[Task objective] Your copy should hold only the lines from the one holding "056-003-0006 LED SMD" through the last line of the records below, both included, each exact and with no pictures.

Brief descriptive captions
□ □ □ □ □
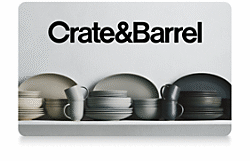 Gift Cards. Buy Online and Check Balance | Crate &amp; Barrel
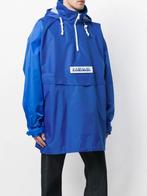 Napa by Martine Rose Rainforest AXL Windbreaker Jacket, Maat 52/54 (L), Blauw, Nieuw, Ophalen of Verzenden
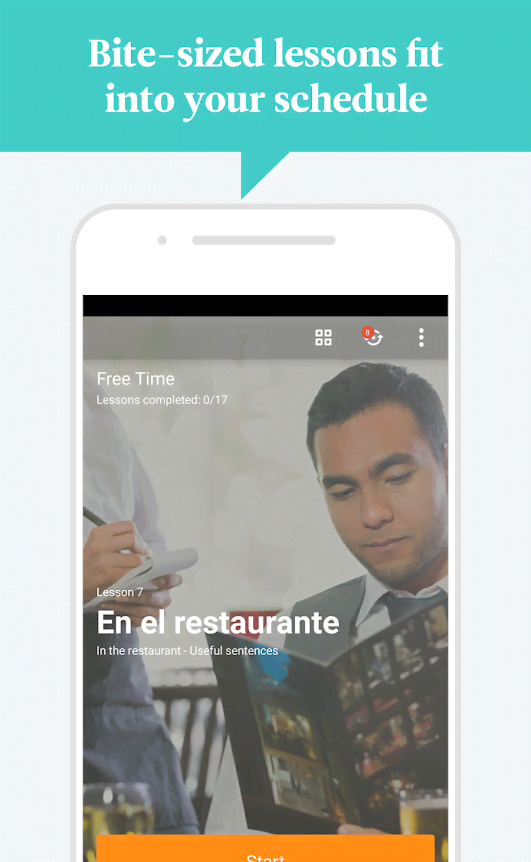 Babbel screenshot 2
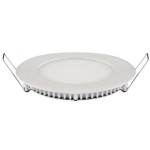 056-003-0006 LED SMD ПАНЕЛ 6W 270Lm 2700K Ф120мм IP20 220-240V БЯЛ
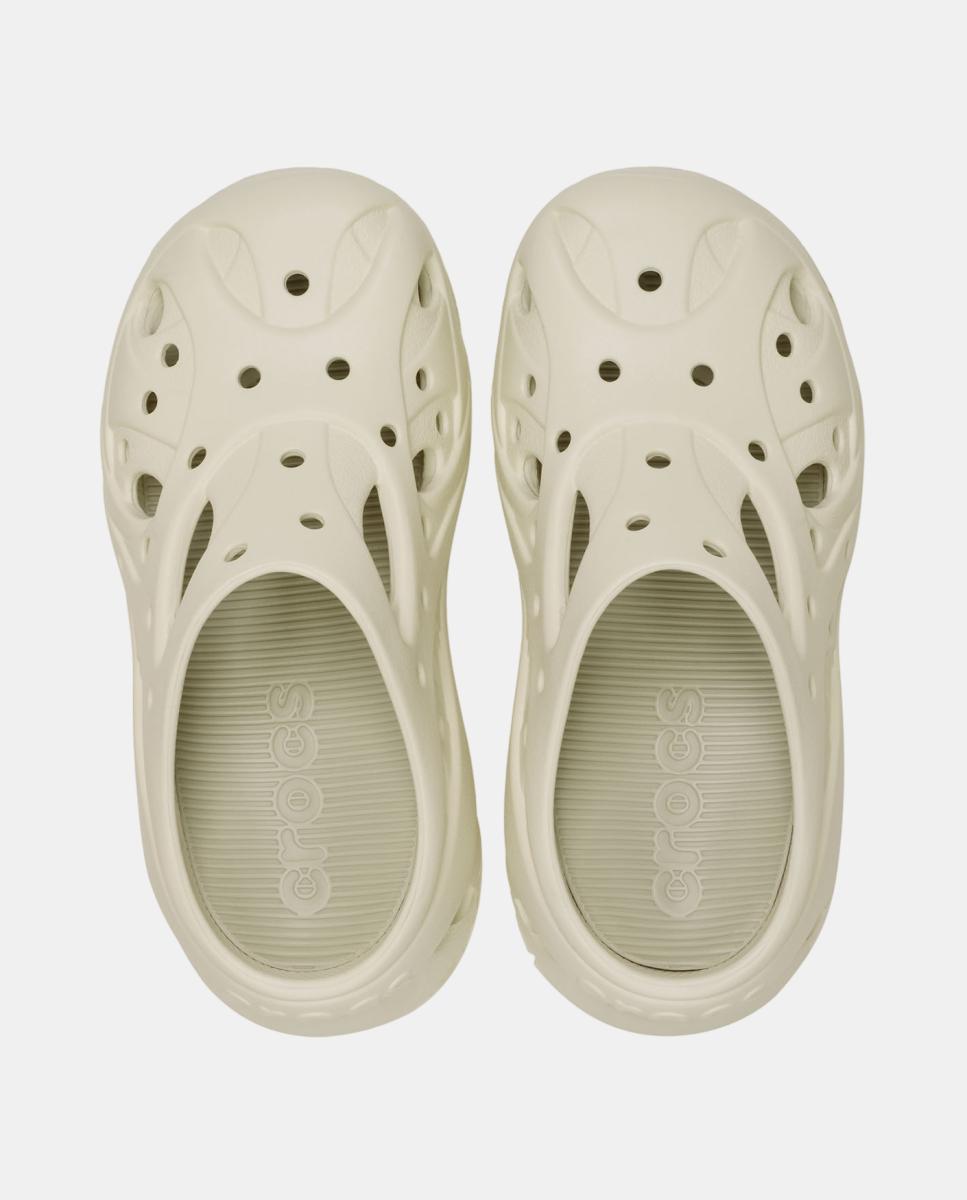 Crocs Caged Clog W para mujer - Blanco Blanco-3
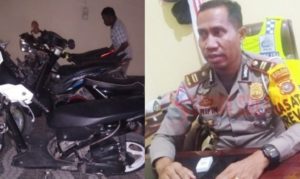 Tindak Pelaku Balap Liar, Sat Lantas Polres Konawe “Kandangkan” 28 Unit Motor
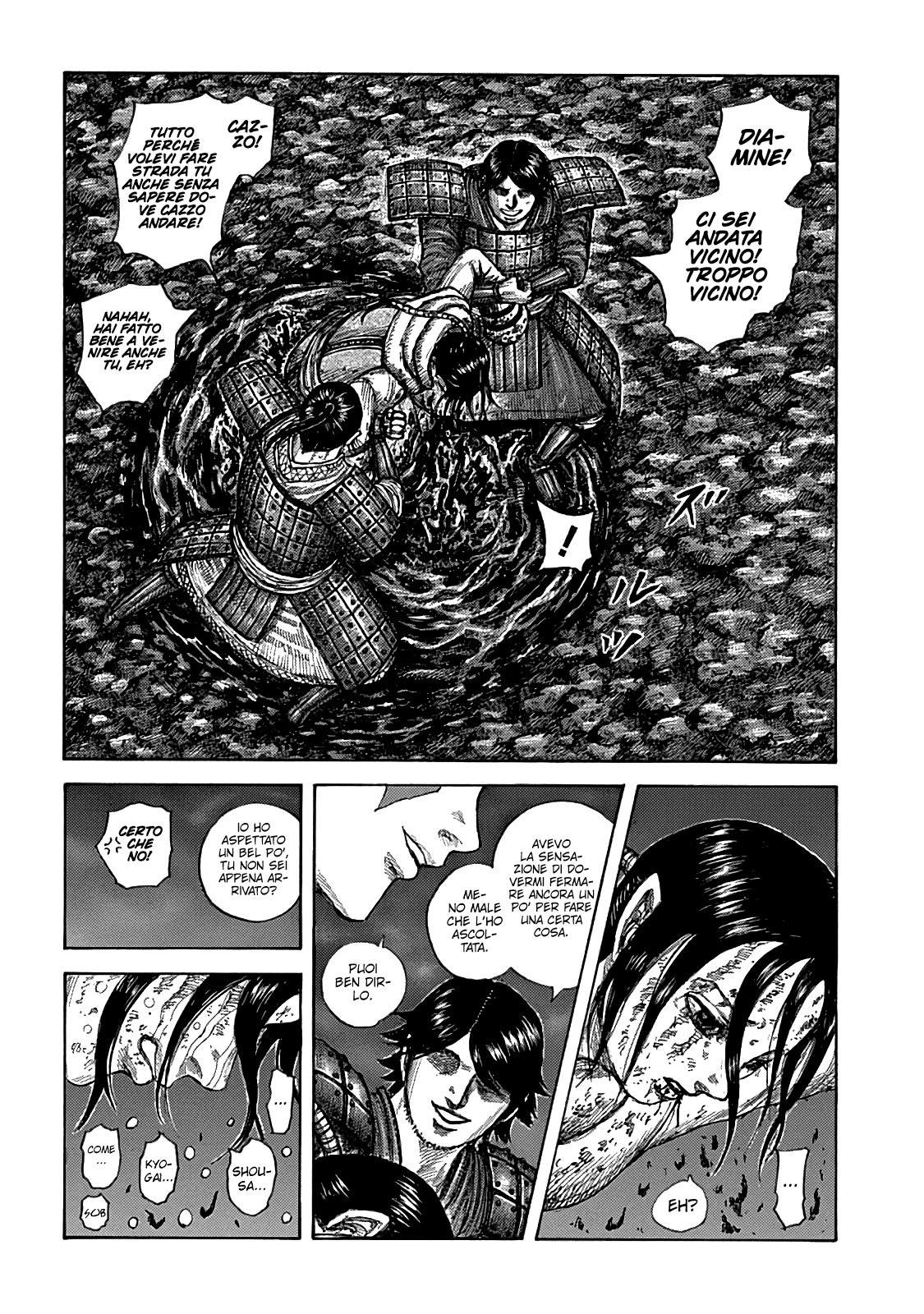 Read Kingdom IT Manga Online
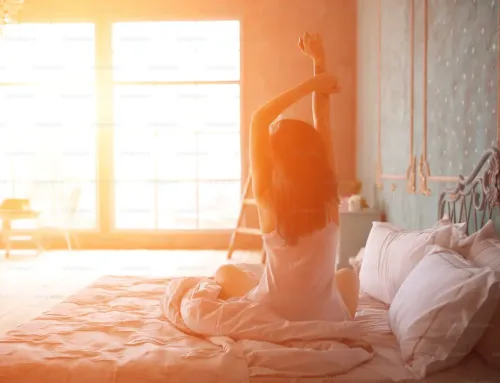 Scents to energise your morning routine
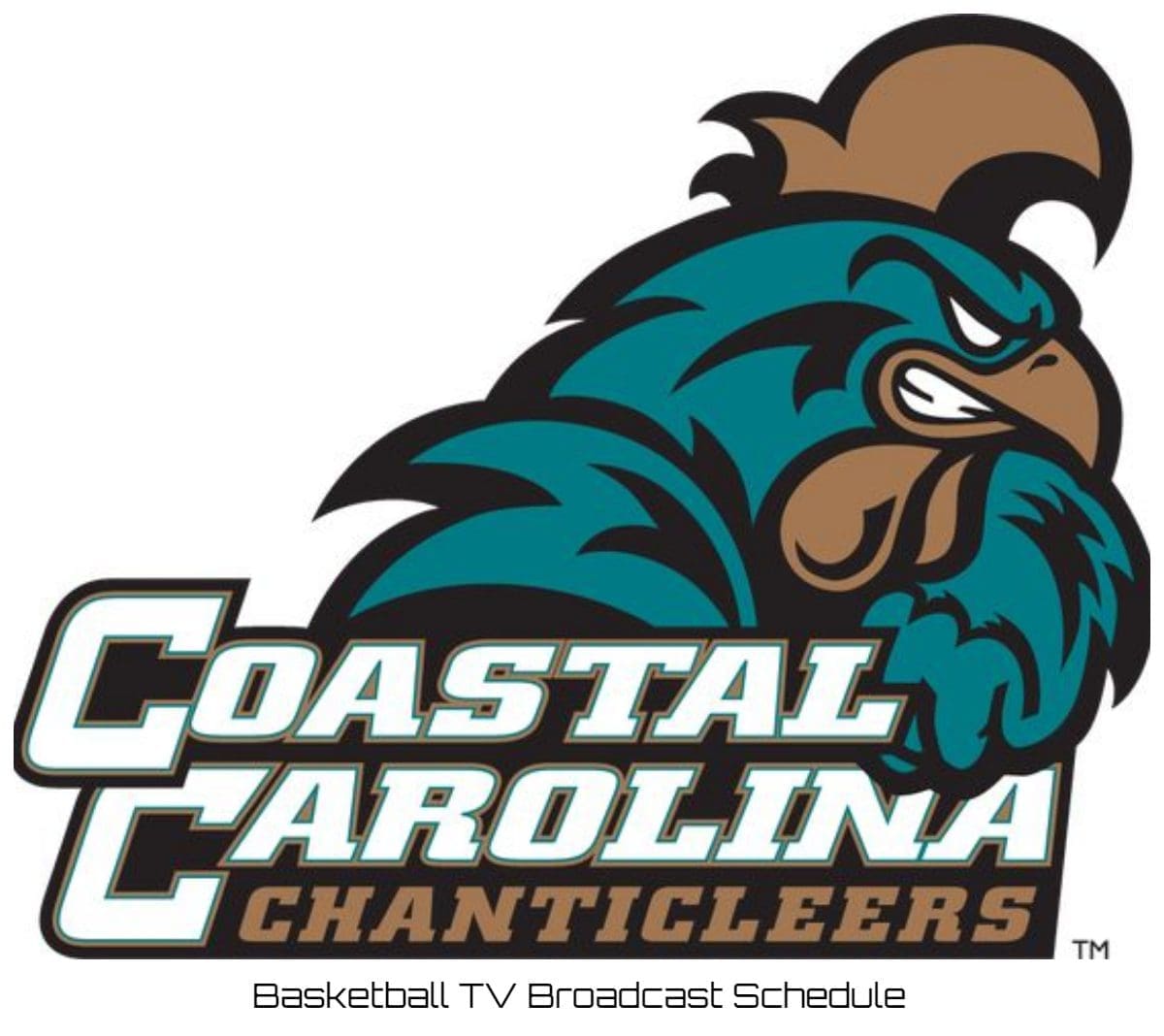 Coastal Carolina Chanticleers Basketball TV Broadcast Schedule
□ □ □ □ □
[Exercise response]
 056-003-0006 LED SMD ПАНЕЛ 6W 270Lm 2700K Ф120мм IP20 220-240V БЯЛ
 Crocs Caged Clog W para mujer - Blanco Blanco-3
 Tindak Pelaku Balap Liar, Sat Lantas Polres Konawe “Kandangkan” 28 Unit Motor
 Read Kingdom IT Manga Online
 Scents to energise your morning routine
 Coastal Carolina Chanticleers Basketball TV Broadcast Schedule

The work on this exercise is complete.